Work item
Line by line, the data below should be set down unchanged, with images excluded.

Records from a collection

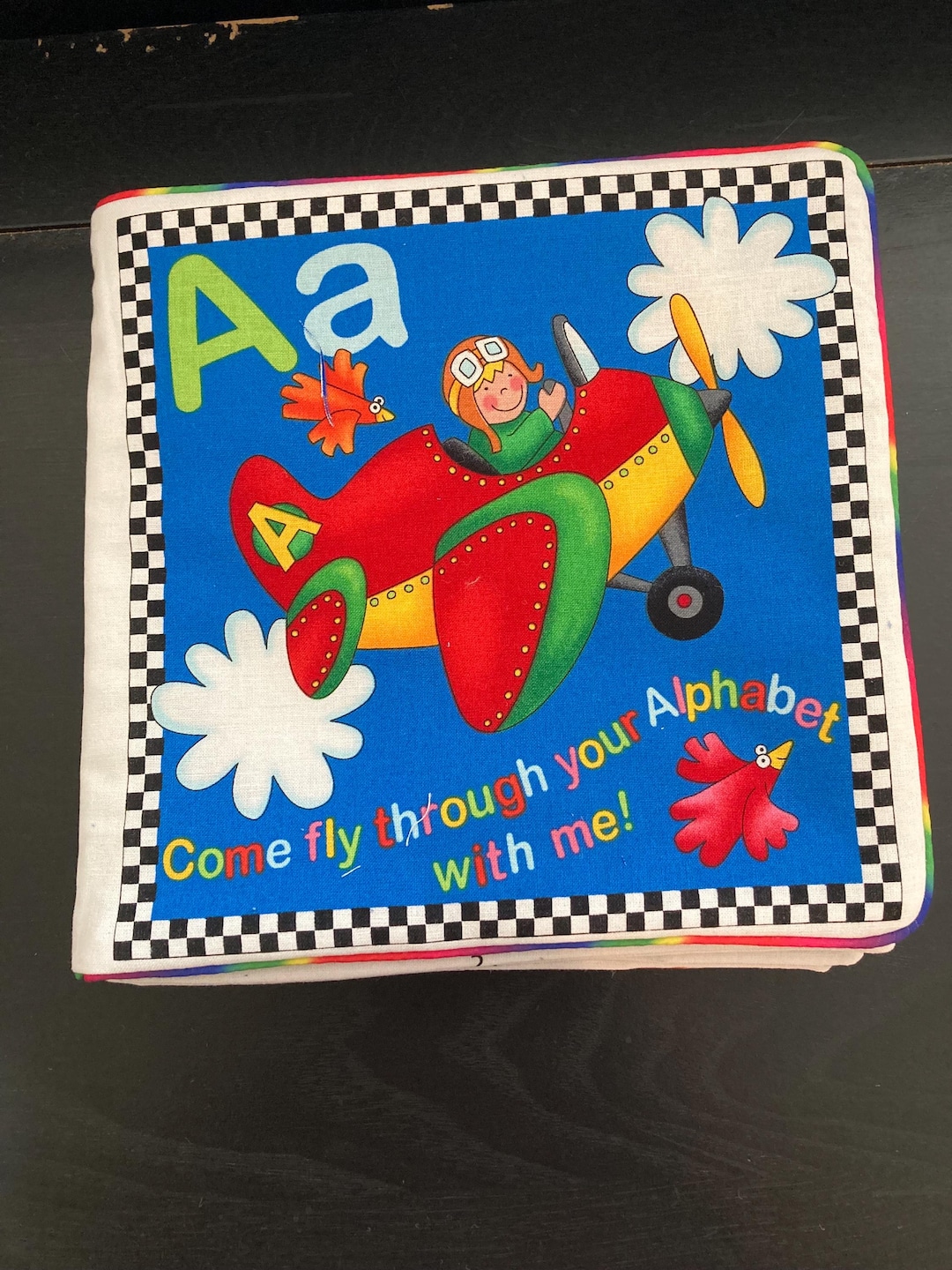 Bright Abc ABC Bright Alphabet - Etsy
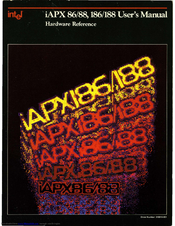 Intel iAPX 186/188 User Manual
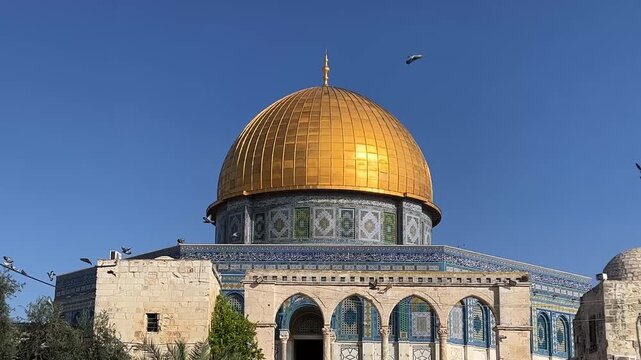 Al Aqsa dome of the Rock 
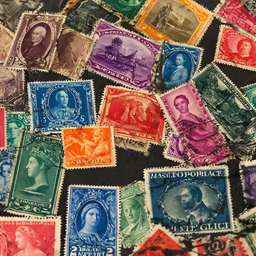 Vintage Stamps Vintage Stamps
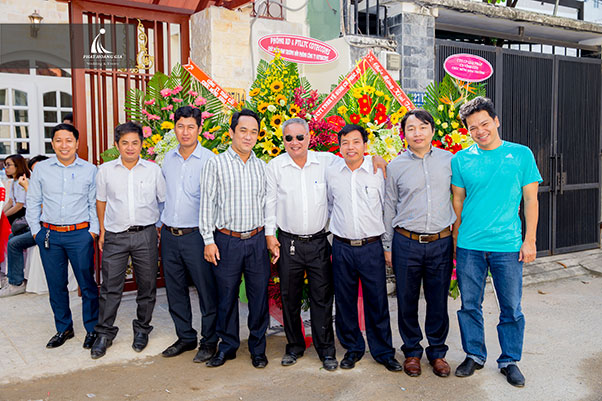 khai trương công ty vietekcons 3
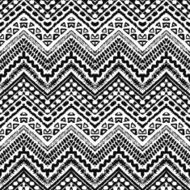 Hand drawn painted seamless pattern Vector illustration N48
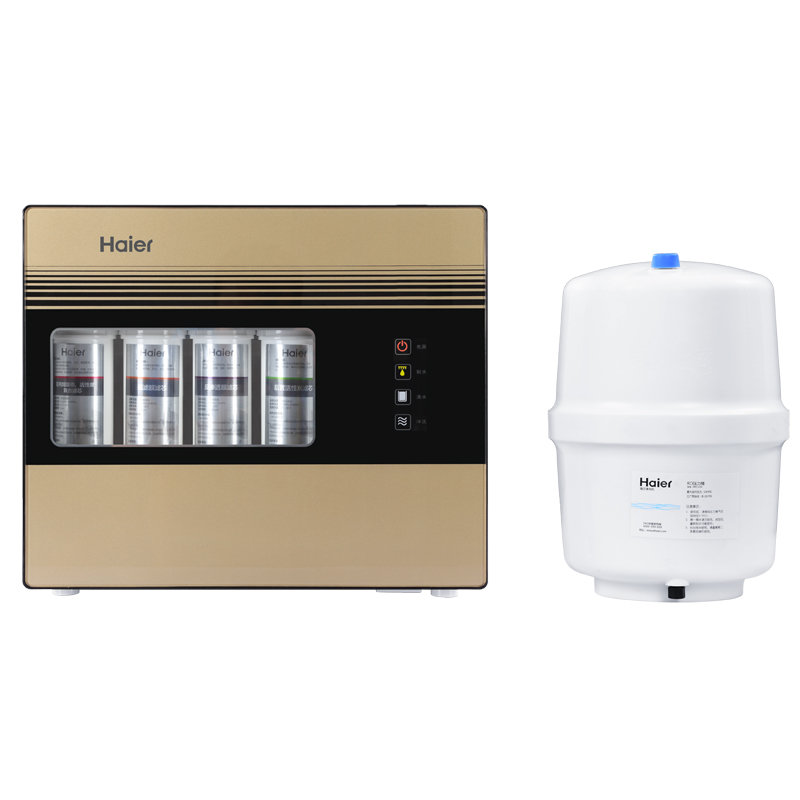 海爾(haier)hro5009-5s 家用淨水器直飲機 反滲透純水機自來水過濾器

Solution to this exercise
 Bright Abc ABC Bright Alphabet - Etsy
 Intel iAPX 186/188 User Manual
 Al Aqsa dome of the Rock 
 Vintage Stamps Vintage Stamps
 khai trương công ty vietekcons 3
 Hand drawn painted seamless pattern Vector illustration N48
 海爾(haier)hro5009-5s 家用淨水器直飲機 反滲透純水機自來水過濾器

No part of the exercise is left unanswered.